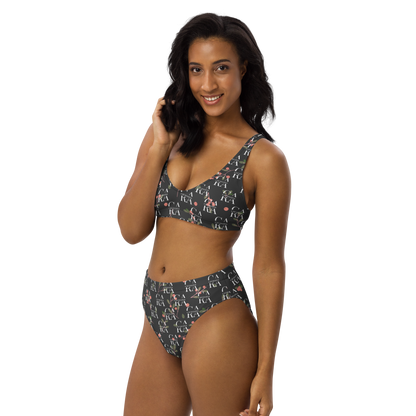 Original CaRaUaNa Costume Sets Black fruit Carauana Store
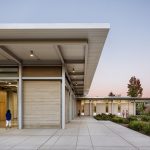 Bellevue Botanical Garden Visitor and Education Center by Olson Kundig - Sheet8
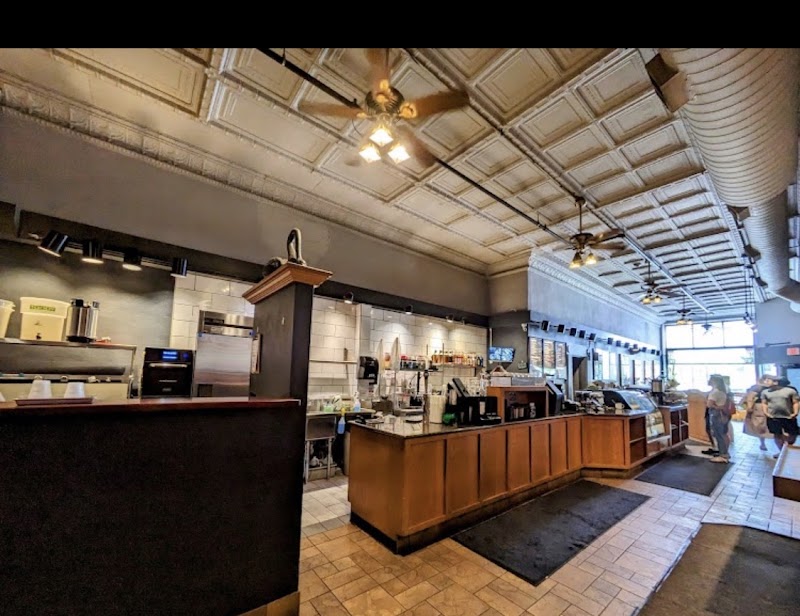 Java House Coffee Roasters - Downtown photo 3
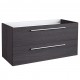 IZP Kame GAMA Skapītis zem izlietnes 100х45cm, BU/10-3DR/1 IZP Kame GAMA Skapītis zem izlietnes 100х45cm, BU/10-3DR/1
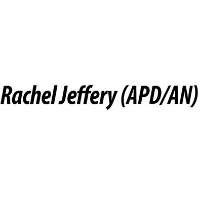 Rachel Jeffery Dietitian Logo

== WHAT YOU ARE ASKED TO DO ==
Only the pictures should be left out; write out everything else in the records exactly.

== WRITTEN RESPONSE ==
 Original CaRaUaNa Costume Sets Black fruit Carauana Store
 Bellevue Botanical Garden Visitor and Education Center by Olson Kundig - Sheet8
 Java House Coffee Roasters - Downtown photo 3
 IZP Kame GAMA Skapītis zem izlietnes 100х45cm, BU/10-3DR/1 IZP Kame GAMA Skapītis zem izlietnes 100х45cm, BU/10-3DR/1
 Rachel Jeffery Dietitian Logo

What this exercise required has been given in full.